Example: Run ACS benchmark task

import folktexts
from pathlib import Path
import torch
import numpy as np
import pandas as pd
import logging

Set important local paths

NOTE: Can be ignored if you haven’t previously downloaded the model, just use load_model_tokenizer with the model’s name on Huggingface.

Set your root directory (change as appropriate):

ROOT_DIR = Path("/fast/groups/sf")

Directory where LLMs are saved (change as appropriate):

MODELS_DIR = ROOT_DIR / "huggingface-models"

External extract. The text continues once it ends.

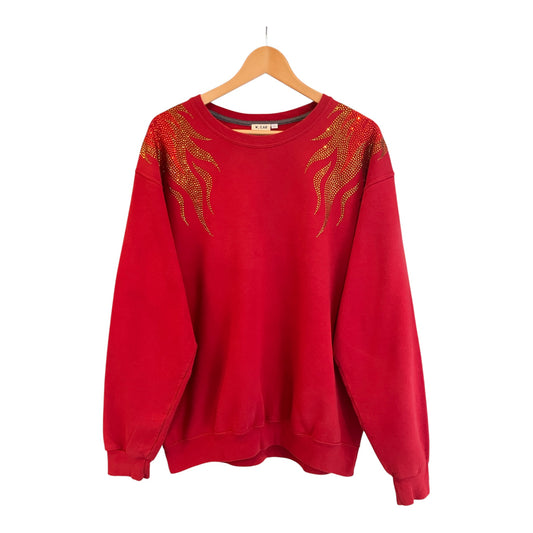 Crystal Fire Disco Jumper L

Directory where data is saved or will be saved to (change as appropriate):

DATA_DIR = ROOT_DIR / "data"

Other configs:

MODEL_NAME = "meta-llama/Meta-Llama-3-8B-Instruct"
# MODEL_NAME = "google/gemma-2b"    # Smaller model that is faster to run


RESULTS_ROOT_DIR = ROOT_DIR / "folktexts-results"
from folktexts.llm_utils import load_model_tokenizer, get_model_folder_path
model_folder_path = get_model_folder_path(model_name=MODEL_NAME, root_dir=MODELS_DIR)
model, tokenizer = load_model_tokenizer(model_folder_path)
INFO:root:Loading model '/lustre/fast/fast/groups/sf/huggingface-models/meta-llama--Meta-Llama-3-8B-Instruct'
INFO:accelerate.utils.modeling:We will use 90% of the memory on device 0 for storing the model, and 10% for the buffer to avoid OOM. You can set `max_memory` in to a higher value to use more memory (at your own risk).
INFO:root:Moving model to device: cuda
results_dir = RESULTS_ROOT_DIR / Path(model_folder_path).name
results_dir.mkdir(exist_ok=True, parents=True)

Construct LLM Classifier

NOTE: Also compatible with models hosted through a web API by using the WebAPILLMClassifier class instead of TransformersLLMClassifier.

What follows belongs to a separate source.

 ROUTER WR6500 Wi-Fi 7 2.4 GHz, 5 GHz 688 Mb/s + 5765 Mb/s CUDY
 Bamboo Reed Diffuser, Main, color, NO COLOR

Load prediction task (which maps tabular data to text):

from folktexts.acs import ACSTaskMetadata
task = ACSTaskMetadata.get_task(TASK_NAME, use_numeric_qa=False)
INFO:root:Changing Q&A mode for task 'ACSIncome' to multiple-choice.
from folktexts.classifier import TransformersLLMClassifier
llm_clf = TransformersLLMClassifier(

Load Dataset

from folktexts.acs import ACSDataset
dataset = ACSDataset.make_from_task(task=task, cache_dir=DATA_DIR)
Loading ACS data...
CPU times: user 58 s, sys: 27.5 s, total: 1min 25s
Wall time: 1min 26s

Optionally, subsample to quickly get approximate results:

INFO:root:Train size: 13316, Test size:  1665, Val size:   1665;

Load and run ACS Benchmark

Note: Helper constructors exist at Benchmark.make_acs_benchmark and Benchmark.make_benchmark that avoid the above boilerplate code.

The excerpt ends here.